Executing the Migration to Rust-Based Services with Cache Isolation Strategies

AMD PQOS and NUMA Affinity Mechanics for Cache Isolation

Charts comparing Gen 12 and Gen 13 core counts and power efficiency, alongside cache isolation metrics showing 32MB L3 slices and 15% throughput gains from NUMA-aware affinity.
Charts comparing Gen 12 and Gen 13 core counts and power efficiency, alongside cache isolation metrics showing 32MB L3 slices and 15% throughput gains from NUMA-aware affinity.

NUMA-aware core affinity across six of twelve CCDs delivered a >15% incremental throughput gain by isolating shared L3 resources. The Turin architecture splits the processor into one I/O Die and up to 12 Core Complex Dies, where each CCD shares a 32MB L3 cache slice among 16 cores. This topology forces operators to regulate access explicitly rather than relying on default hardware schedulers. AMD's Platform Quality of Service (PQOS) enables fine-grained control over these cache slices and memory bandwidth domains.

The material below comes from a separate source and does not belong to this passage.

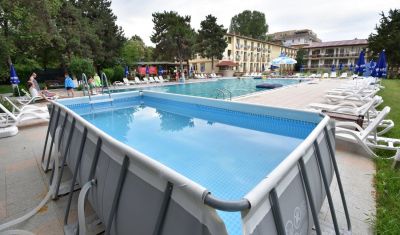 Imagine pentru Q Hotel 3*  valabile pentru Paste  2026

Implementing this isolation requires precise mapping of virtual CPUs to physical cores within set cache boundaries. A misconfigured affinity policy allows threads to drift across CCD borders, triggering costly inter-die fabric traversals. The architectural shift from cache-heavy designs necessitates this manual intervention to maintain performance stability. Without strict partitioning, high-density core counts exacerbate contention rather than alleviating. Operators must balance the complexity of manual pinning against the risk of uncontrolled cache thrashing. The power efficiency.

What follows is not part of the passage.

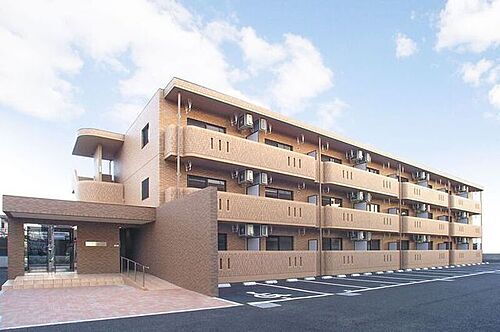 神奈川県綾瀬市深谷上６丁目 3階建 築18年8ヶ月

Migrating 15 years of NGINX and LuaJIT logic to the Rust-based FL2 architecture requires replacing flexible scripting with static memory safety guarantees found in the Pingora and Oxy frameworks:

  1. Audit legacy Lua hooks to identify stateful dependencies that rely on massive L3 cache locality for speed.
  2. Refactor request handlers into Rust modules that eliminate runtime interpretation overhead and reduce flexible allocation.
  3. Deploy isolated workers using CPU pinning strategies to prevent cache thrashing across the 12 Core Complex Dies.
  4. Validate throughput gains against baseline metrics before enabling full traffic shifts on high-density nodes.

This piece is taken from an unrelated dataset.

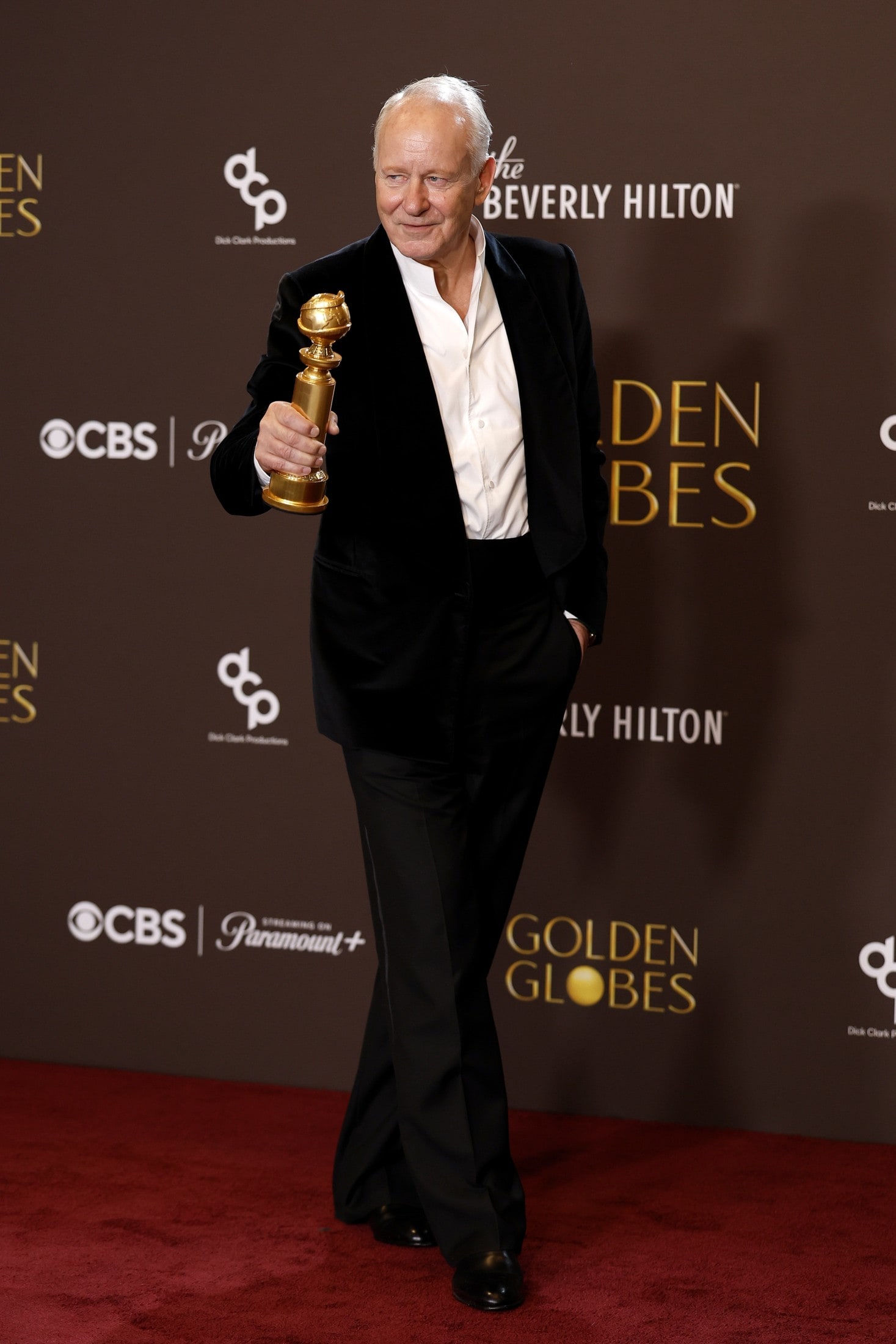 Stellan Skarsgard mit seinem Golden Globe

This transition removes the latency penalty observed when legacy code paths force DRAM fetches due to cache misses. Operators must accept that code complexity increases initially as implicit runtime behaviors become explicit compile-time constraints. The shift enables linear scaling where previous architectures hit a contention wall at high utilization. Global edge networks spanning 310+ cities require such deterministic performance to complement hyperscaler backend storage without introducing variable lag. The resulting binary executes with predictable cycle counts regardless of core density. This approach sustains service levels even as cache per core shrinks drastically in newer silicon generations.

Hardware Tuning Pitfalls: DF Probe Filters and Worker Scaling Limits

Adjusting Data Fabric Probe Filters on Turin yielded only marginal gains, failing to offset the 2MB per-core cache deficit. Operators attempting to tune hardware prefetchers often discover that software architecture dictates performance more than silicon-level tweaks in high-density environments. The temptation to simply launch more FL1 workers creates a hidden resource cannibalization risk where throughput rises while competing production services starve. This scaling approach ignores the economic reality that inefficient resource usage drives up costs, similar to how CPU time utilized 13labs. Au/compare/ billing models penalize wasted cycles rather than raw request volume. Without strict isolation, aggressive worker scaling degrades overall system stability despite localized throughput bumps.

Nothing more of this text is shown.